Marconi Semantic Guarantees

Marconi guarantees FIFO for a given queue, but only when there is a single message producer. Marconi also guarantees once-and-only-once delivery of messages with some caveats, as follows:

Pub-Sub

Publisher posts message to Server
Server calculates a marker for the message
Server writes message (with marker) to DB
Server returns message ref to Publisher
Subscriber lists messages (no marker query param)
Server returns the first N messages in the queue, along with a "next" URL. The URL contains a ?marker=X query param, where X is the worker belonging to the last message returned.
[more messages are posted]
Subscriber lists messages using "next" URL (containing a marker)
Server returns messages with markers > the marker passed in with the URL

A few things to point out here. First of all, as long as the publisher's polling interval is shorter than a given message's TTL, and your storage backend is configured for high durability, the subscriber can not miss a message, and will never receive the same message twice, assuming it persists the "next" URL (and marker), using it for all future requests.

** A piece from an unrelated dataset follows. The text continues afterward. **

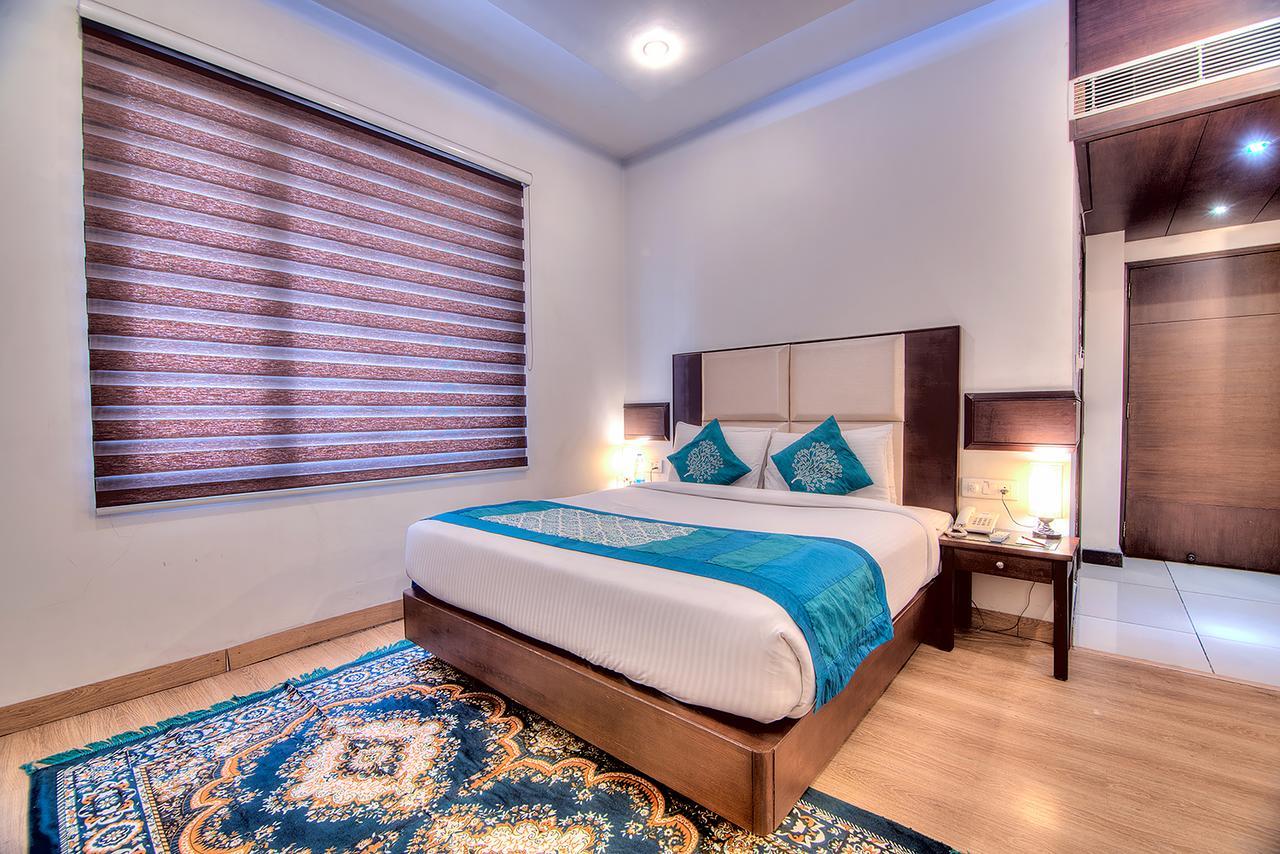 Vivo Hotels Jalandhar Exterior photo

The trick is in how the marker is generated and persisted with the message. For the guarantee to hold, the marker must be unique within a queue, and have atomic ordering (i.e., can't be timestamp+rand, and in the case of 2+ parallel requests to post a message, a message must not be inserted in a different order than the marker for that message was generated; race conditions between the steps of calculating the next marker and inserting a message using that marker must be detected and mitigated). To see (one way) this can be implemented, see the MongoDB storage driver.

The trade-off that is made to provide such a guarantee is increased latency in the case of many producers posting messages to a single queue, since the marker generation becomes the bottleneck.

The alternative would be to use a timestamp-based message marker, and have the client detect and throw away duplicate messages, but it was decided to try avoiding that and seeing if we could minimize the inherent performance penalty.

Producer-Consumer

This case is a simpler one to deal with.

Producer posts message to Server
Server calculates an ID (and marker, but not needed for claiming)
Server writes message to DB
Server returns message ref to Producer
Consumer claims some messages
Server grabs X messages that aren't yet claimed, and associates them
h a new claim ID.
Server returns a list of claimed messages
Consumer processes each message, deleting them in turn

So, as long as there are enough consumers to keep up with the producer(s), such that messages don't start expiring, no message will get lost, and consumers will only ever see a given message once, unless they crash and the claim expires (or is manually deleted), in which case, that same worker when restarted (or another worker) will see the message again when it is reclaimed, which is what you want anyway.